▶ [What the exercise asks]: Lines from the one with "Schlafzimmer - 3" up to and including the one with "2014 Volkswagen Jetta" are to be copied exactly from the records below, without their pictures.

▶ [Provided information]:

____

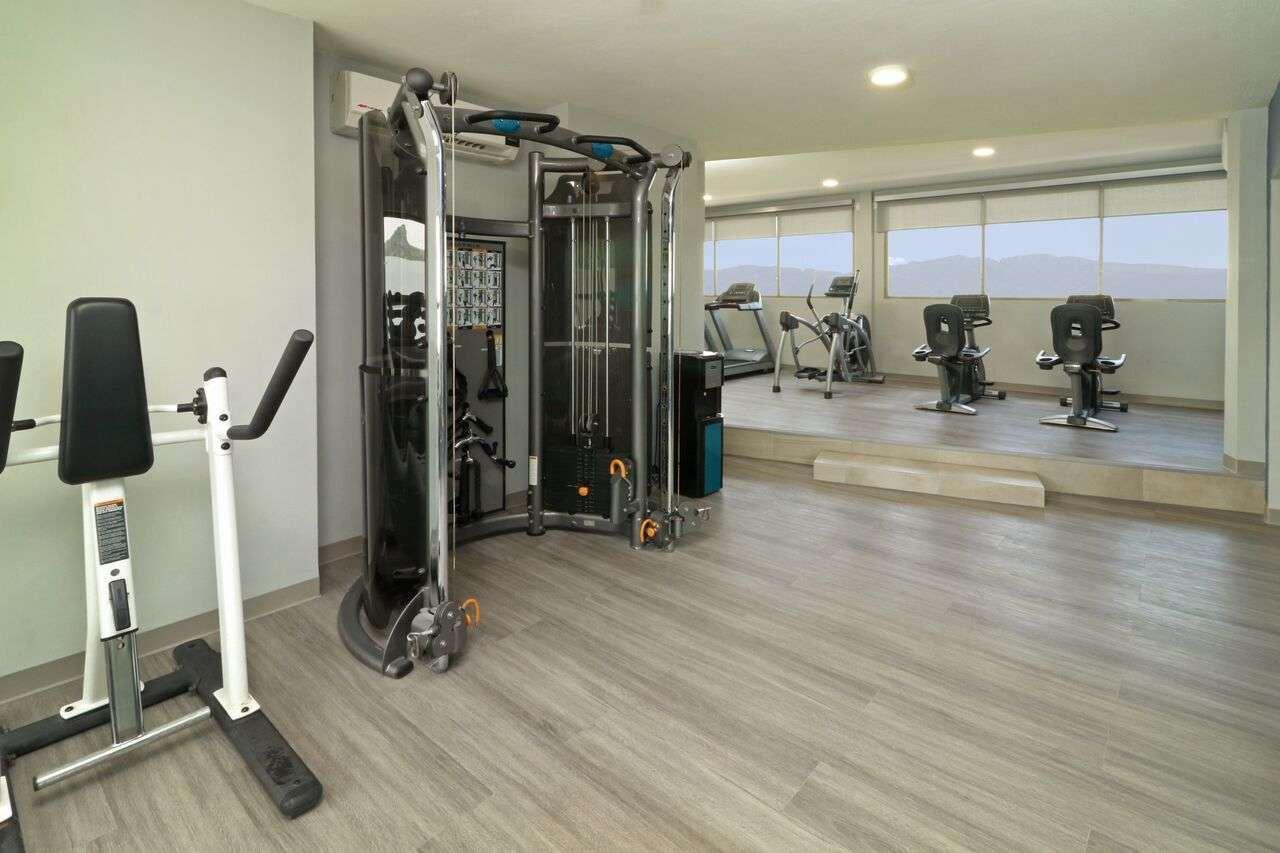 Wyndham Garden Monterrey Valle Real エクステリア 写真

____

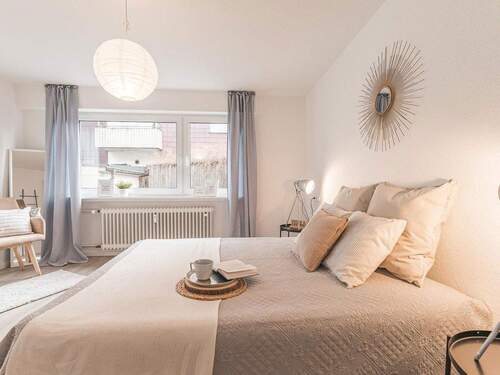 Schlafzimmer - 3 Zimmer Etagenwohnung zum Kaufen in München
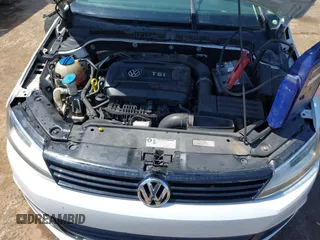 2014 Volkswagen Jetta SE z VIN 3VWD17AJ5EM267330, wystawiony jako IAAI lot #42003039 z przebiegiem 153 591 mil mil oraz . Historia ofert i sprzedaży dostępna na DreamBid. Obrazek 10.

____

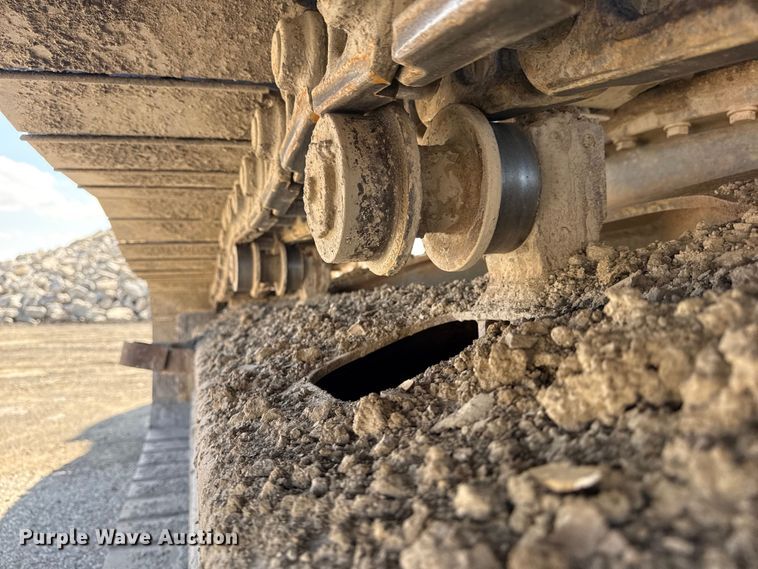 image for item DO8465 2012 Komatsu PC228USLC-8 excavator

____

▶ [Answer to the exercise]:
 Schlafzimmer - 3 Zimmer Etagenwohnung zum Kaufen in München
 2014 Volkswagen Jetta SE z VIN 3VWD17AJ5EM267330, wystawiony jako IAAI lot #42003039 z przebiegiem 153 591 mil mil oraz . Historia ofert i sprzedaży dostępna na DreamBid. Obrazek 10.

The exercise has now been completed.